Happy drifting, she said in an e-mail sign-off.
Happy drifting…have you met me? I thought.
But she invited me to something similar five years ago. And I thought the same then. Drifting was not on my sabbatical radar that time. And so, when she had asked which of a whole list of animals we identified with, members of the retreat group were saying things like ‘dolphin’. I, however, only knew how to say ‘racehorse’.
Truth be told, when some of them talked about their spirituality in terms of playing in the sea like dolphins, a little part of me died inside. I was already not sure about the retreat that first night. Age differences, and the gentle sweetness of it all – I felt awkward already. And now dolphins, of all things. Surely, I was in the wrong place.
I didn’t especially want that careless dolphin freedom of floating in the ocean. I know, because I remember her asking me the next night in a private conversation, saying, surely it would be nice, wouldn’t it, just to ‘float along’ in Jesus?
She might as well have been speaking a foreign language. I didn’t even know how to want that. I was more concerned that I was about to kill my racehorse. And whilst I wanted to know how to save her, I never conceived that my racehorse could give way to something else. I loved my racehorse for her speed, her unswerving focus. Dolphins could only be for me a poor substitute.
Yet Jesus did something in that week. The day after, when I met with a different lady, a tectonic shift began, the reverberations of which continue to echo even now. Two days after that, as the retreat wrapped up and someone mentioned those animals again, I remember feeling warmer to the idea of a dolphin gently floating in the life of God. Warmer, but unconvinced I’d ever be that dolphin.

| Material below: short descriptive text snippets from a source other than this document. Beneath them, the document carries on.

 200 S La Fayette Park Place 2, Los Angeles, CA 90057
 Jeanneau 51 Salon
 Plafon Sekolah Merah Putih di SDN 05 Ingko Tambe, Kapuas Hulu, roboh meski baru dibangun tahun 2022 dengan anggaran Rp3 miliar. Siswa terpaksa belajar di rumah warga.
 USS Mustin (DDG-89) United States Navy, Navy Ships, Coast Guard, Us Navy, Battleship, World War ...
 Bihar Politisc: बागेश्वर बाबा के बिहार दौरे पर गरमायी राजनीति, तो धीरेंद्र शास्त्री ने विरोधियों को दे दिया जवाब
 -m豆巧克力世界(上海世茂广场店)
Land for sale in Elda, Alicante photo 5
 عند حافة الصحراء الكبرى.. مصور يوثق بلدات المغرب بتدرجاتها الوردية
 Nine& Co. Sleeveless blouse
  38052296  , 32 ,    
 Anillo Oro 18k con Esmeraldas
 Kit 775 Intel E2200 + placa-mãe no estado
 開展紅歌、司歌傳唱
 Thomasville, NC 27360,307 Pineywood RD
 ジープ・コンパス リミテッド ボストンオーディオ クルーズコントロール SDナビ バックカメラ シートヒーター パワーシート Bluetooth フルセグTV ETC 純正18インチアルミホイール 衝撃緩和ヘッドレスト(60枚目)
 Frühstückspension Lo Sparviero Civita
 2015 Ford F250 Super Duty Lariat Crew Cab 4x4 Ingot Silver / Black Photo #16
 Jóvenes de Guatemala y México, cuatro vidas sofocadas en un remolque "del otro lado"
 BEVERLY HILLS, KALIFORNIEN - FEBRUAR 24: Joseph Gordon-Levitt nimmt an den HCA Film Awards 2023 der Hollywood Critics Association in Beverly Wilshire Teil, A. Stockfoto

Five years on, I find myself in that place again. I still love my racehorse. And I’ve learned that I am both rider and horse, that the rider had always been dominant and that I’ve needed to learn to know reality also through the horse’s eyes. And I won’t swap that combination of rational, focused calculation and unswerving stubbornness of will and heart after God.
I still love my racehorse, true, and I may also never quite connect with the dolphin. But I hear that call to drift more quickly this time. Within days of sabbatical beginning, I hear him saying what I could not hear last time. And so I begin to drift in his ocean. Fully immersed. Powerless to drive forward. Open, so open, to his acts upon me – that I may move where he moves me and rest where he leaves me.
Yes, this time, earlier than last time, I’m happy, drifting.